→ **What is needed**
In the entries below, find the line with "Feather Skull Headband" and the line with "May include: Five". Reproduce those two lines and every line between them exactly, and nothing more.

(The input Opens)

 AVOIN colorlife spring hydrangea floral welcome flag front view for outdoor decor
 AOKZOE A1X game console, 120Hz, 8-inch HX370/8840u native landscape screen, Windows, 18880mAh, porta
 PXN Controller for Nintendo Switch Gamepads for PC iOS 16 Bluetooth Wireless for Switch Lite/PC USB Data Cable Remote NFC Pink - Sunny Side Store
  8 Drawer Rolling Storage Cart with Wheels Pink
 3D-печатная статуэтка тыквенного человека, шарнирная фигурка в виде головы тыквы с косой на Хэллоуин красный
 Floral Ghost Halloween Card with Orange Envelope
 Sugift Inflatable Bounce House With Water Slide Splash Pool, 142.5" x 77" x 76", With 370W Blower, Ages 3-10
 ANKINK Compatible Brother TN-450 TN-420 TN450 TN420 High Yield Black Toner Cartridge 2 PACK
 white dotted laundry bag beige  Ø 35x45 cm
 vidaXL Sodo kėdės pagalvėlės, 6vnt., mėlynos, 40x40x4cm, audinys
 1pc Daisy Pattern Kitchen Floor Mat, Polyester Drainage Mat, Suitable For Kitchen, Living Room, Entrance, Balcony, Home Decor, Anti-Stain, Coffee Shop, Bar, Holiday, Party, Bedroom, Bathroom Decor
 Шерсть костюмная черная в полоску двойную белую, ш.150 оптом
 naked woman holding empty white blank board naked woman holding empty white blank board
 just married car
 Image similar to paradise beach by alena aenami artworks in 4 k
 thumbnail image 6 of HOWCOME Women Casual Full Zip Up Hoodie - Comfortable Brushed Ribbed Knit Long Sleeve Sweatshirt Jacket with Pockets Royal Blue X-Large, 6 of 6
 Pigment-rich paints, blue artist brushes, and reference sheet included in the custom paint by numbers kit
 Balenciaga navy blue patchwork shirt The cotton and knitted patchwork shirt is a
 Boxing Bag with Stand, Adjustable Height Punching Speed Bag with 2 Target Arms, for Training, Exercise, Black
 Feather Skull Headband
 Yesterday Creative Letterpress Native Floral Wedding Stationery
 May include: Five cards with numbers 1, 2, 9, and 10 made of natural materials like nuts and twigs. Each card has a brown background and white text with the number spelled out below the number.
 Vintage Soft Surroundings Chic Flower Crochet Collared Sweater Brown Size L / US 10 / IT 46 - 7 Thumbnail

(The input Closes)

→ **Answer to this exercise**
 Feather Skull Headband
 Yesterday Creative Letterpress Native Floral Wedding Stationery
 May include: Five cards with numbers 1, 2, 9, and 10 made of natural materials like nuts and twigs. Each card has a brown background and white text with the number spelled out below the number.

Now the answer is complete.